One of the most prominent scholars of Alexandria and of the antiquity was Apollonius Dyscolus.[5] Apollonius wrote more than thirty treatises on questions of syntax, semantics, morphology, prosody, orthography, dialectology, and more. Happily, four of these are preserved—we still have a Syntax in four books, and three one-book monographs on pronouns, adverbs, and connectives, respectively. Lexicography become an important study domain as dictionaries, thesauri and lists of special words "λέξεις" that were old, or dialectical or special such as medical words, botanic words were made at that period by many grammarians. In the early medieval times we find more categories of dictionaries like the dictionary of Suida that is considered the first encyclopedic dictionary, etymological dictionaries etc. At that period, the Greek language was considered a lingua franca, i.e. the language spoken in the known world (for the Greeks and Romans) of that time and, as a result, modern linguistics struggles to overcome this. With the Greeks a tradition commenced in the study of language. The Romans and the medieval world followed and their laborious work is considered today as a part of our everyday language. Think, for example, of notions such as the word, the syllable, the verb, the subject etc.
[edit]Rome

In the 4th c., Aelius Donatus compiled the Latin grammar Ars Grammatica that was to be the defining school text through the Middle Ages. A smaller version, Ars Minor, covered only the eight parts of speech; eventually when books came to be printed in the 15th c., this was one of the first books to be printed. Schoolboys subjected to all this education gave us the current meaning of "grammar" (attested in English since 1176).
[edit]China

Similar to the Indian tradition, Chinese philology, Xiaoxue (小學 "elementary studies"), began as an aid to understanding classics in the Han dynasty (c. 3d c. BCE). Xiaoxue came to be divided into three branches: Xungu (訓詁 "exegesis"), Wenzi (文字 "script [analysis]") and Yinyun (音韻 "[study of] sounds") and reached its golden age in the 17th. c. AD (Qing Dynasty). The glossaryErya (c. 3d c.
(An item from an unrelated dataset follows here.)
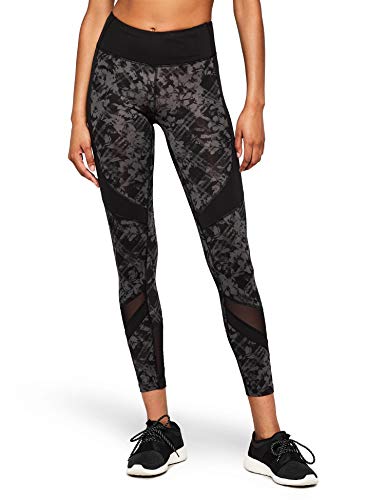 Amazon Brand - AURIQUE Leggings deportivos con paneles para mujer, Gris (Black/Grey Print Black/Grey Print), 36, Label:XS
BCE), comparable to the Indian Nighantu, is regarded as the first linguistic work in China. Shuowen Jiezi (c. 2nd c. BCE), the first Chinese dictionary, classifies Chinese characters by radicals, a practice that would be followed by most subsequent lexicographers. Two more pioneering works produced during the Han Dynasty are Fangyan, the first Chinese work concerning dialects, and Shiming, devoted to etymology. As in ancient Greece, early Chinese thinkers were concerned with the relationship between names and reality. Confucius (6th c. BCE) famously emphasized the moral commitment implicit in a name, (zhengming) stating that the moral collapse of the pre-Qinwas a result of the failure to rectify behaviour to meet the moral commitment inherent in names: "Good government consists in the ruler being a ruler, the minister being a minister, the father being a father, and the son being a son... If names be not correct, language is not in accordance with the truth of things." (Analects 12.11,13.3).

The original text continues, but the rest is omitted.